Lists: the basics

The Python list is a powerful data type with a lot of functionality, so we’ll cover it in several posts. Here we start with some of its basic properties.

First, it’s important to understand that Python supports four different built-in compound data types: lists, tuples, sets and dictionaries. Each of these has its own set of rules and peculiarities.

A list is an ordered, mutable collection of data elements. It allows duplicate elements, that is, you can have 2 or more elements of the same datum in a list.

By ordered, we mean that the items in a list are stored in a definite order, so that, if we access say the fourth element of the list, it will always be the same datum (unless we’ve modified the list in the meantime). It’s important to note that ‘ordered’ does not necessarily mean ‘sorted’, so, for example, numeric values in a list need not be in ascending order (although it is possible to sort the items in a list, but that’s a different operation, as we’ll see).

By mutable, we mean that the contents of a list can be changed, either by adding or removing elements, or by changing the data stored at an existing list position.
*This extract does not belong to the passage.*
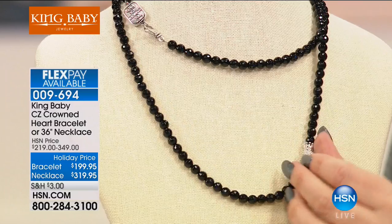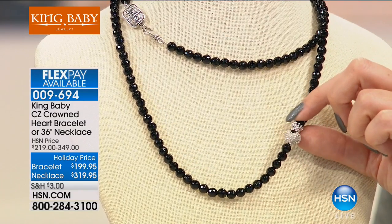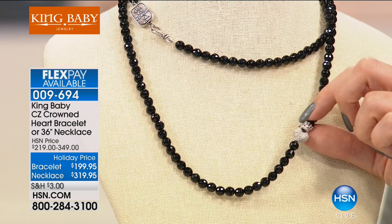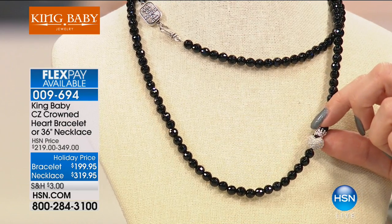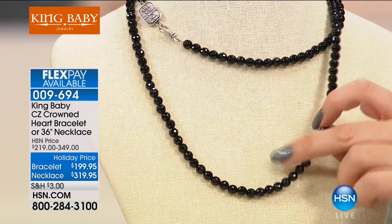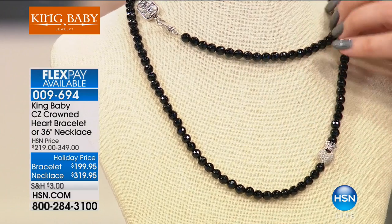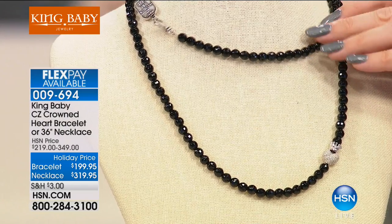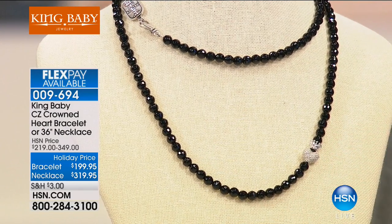The crowned heart is one of our signature designs. My dad was born on Valentine's Day, so he designed the crowned heart for himself. He also did a super special pair of crowned heart earrings. He actually designed a pair of earrings for Elizabeth Taylor in this design as well. And the logo tag on the back, you can see here. So it's a very special design.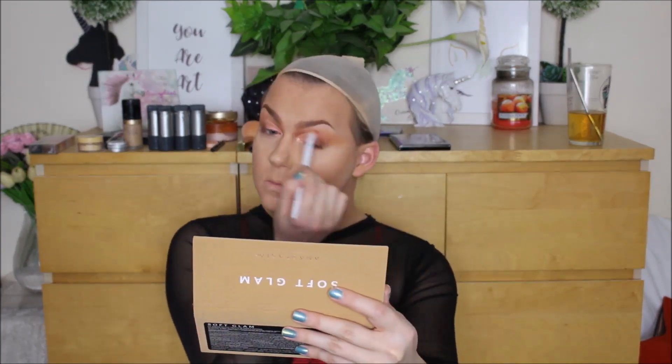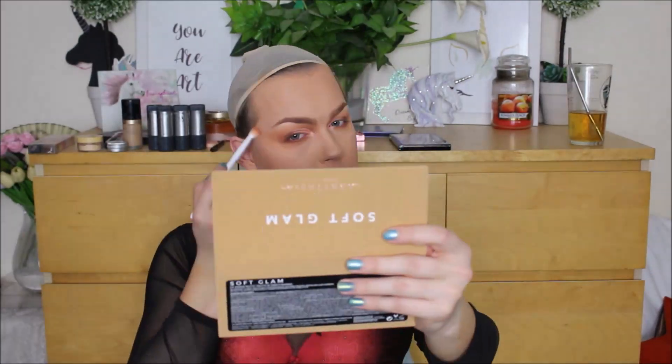For a little extra pop, I went in with the Dreamy Palette from Nabla Cosmetics and just popped a little bit of that in the inner tear duct region to add a little more drama. I then smoked out my lower lash line using those exact same transition colours and buffed and blended it out.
As Python is a dynamically typed language, the elements in a list need not all be of the same data type, so we can mix ints, floats, strings and even other lists as elements within a given list.

At this stage, it’s useful to play around with lists in the PowerShell, so start one up and type ‘python’ at the prompt to enter the Python interpreter.

A list is specified by typing its elements, separated by commas, between square brackets. For example:

x = [1,2,2,3,4,4,5]

If you now type x at the prompt, you’ll just get [1,2,2,3,4,4,5] as the response.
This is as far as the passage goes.